↓
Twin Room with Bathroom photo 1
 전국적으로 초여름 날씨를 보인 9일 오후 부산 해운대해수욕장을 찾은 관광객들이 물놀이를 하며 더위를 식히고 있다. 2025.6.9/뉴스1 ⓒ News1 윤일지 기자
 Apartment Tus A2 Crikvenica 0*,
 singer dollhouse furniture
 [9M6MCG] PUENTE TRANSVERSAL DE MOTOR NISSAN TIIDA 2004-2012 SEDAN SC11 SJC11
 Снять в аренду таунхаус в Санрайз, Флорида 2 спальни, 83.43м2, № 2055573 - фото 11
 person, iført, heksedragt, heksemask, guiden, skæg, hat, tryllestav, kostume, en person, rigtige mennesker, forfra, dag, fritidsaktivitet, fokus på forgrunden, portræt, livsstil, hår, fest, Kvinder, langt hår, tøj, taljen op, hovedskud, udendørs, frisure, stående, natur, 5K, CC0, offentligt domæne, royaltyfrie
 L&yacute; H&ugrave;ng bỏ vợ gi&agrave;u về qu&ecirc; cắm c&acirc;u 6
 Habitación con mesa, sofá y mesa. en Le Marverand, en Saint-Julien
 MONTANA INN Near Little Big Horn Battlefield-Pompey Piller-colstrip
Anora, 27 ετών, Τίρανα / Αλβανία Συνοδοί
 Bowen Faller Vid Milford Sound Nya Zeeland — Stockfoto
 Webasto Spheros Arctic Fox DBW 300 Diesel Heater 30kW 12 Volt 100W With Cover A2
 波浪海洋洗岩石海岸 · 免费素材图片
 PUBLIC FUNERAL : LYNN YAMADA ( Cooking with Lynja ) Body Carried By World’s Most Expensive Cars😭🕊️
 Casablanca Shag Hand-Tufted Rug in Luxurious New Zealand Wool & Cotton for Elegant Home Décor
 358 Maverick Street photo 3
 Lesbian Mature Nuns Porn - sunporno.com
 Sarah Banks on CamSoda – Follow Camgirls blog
↑
REQUIRED WORK
Select and copy every line of the listing with the word "photo".

RESPONSE TO THE TASK
Twin Room with Bathroom photo 1
 358 Maverick Street photo 3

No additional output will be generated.